Exercise >> From the records that follow, copy every line that contains the word "Building".

Items from a data source:
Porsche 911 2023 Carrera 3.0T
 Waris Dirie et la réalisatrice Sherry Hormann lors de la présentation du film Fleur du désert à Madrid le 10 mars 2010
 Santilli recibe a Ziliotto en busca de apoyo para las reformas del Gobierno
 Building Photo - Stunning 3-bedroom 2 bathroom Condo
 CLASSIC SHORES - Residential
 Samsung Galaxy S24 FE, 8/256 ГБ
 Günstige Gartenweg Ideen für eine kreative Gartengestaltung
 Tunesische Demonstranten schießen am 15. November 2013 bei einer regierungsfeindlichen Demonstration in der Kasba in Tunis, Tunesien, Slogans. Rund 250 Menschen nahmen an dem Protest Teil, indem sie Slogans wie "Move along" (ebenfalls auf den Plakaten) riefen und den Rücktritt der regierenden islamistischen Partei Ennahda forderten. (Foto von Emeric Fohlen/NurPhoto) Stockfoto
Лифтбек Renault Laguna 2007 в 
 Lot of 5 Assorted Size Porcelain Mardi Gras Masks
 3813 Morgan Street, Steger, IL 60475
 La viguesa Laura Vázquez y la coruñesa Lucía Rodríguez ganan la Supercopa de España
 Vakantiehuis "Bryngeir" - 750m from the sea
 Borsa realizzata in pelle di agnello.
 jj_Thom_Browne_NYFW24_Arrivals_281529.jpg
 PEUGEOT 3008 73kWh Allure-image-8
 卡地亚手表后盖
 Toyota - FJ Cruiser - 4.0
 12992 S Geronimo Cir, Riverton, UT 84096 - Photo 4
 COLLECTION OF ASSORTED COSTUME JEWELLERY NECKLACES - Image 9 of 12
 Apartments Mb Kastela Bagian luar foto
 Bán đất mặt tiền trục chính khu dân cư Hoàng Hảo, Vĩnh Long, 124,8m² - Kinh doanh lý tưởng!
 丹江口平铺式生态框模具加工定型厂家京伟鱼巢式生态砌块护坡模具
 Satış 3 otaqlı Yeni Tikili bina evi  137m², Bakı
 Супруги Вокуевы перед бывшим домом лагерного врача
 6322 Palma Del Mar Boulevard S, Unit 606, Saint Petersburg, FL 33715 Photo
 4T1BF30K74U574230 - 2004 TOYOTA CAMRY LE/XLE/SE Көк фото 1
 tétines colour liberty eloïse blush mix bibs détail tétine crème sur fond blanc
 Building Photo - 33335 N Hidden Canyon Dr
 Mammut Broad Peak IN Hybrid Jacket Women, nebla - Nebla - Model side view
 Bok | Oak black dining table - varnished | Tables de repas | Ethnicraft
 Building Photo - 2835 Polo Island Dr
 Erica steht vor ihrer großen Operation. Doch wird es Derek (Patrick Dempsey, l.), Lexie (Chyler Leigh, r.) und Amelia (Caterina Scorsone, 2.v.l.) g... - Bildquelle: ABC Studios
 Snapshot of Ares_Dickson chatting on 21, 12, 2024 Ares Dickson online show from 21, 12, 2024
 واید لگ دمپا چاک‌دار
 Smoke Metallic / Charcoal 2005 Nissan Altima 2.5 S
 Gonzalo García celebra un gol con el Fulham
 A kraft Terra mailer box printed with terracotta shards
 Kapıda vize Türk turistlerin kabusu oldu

Answer space >>
 Building Photo - Stunning 3-bedroom 2 bathroom Condo
 Building Photo - 33335 N Hidden Canyon Dr
 Building Photo - 2835 Polo Island Dr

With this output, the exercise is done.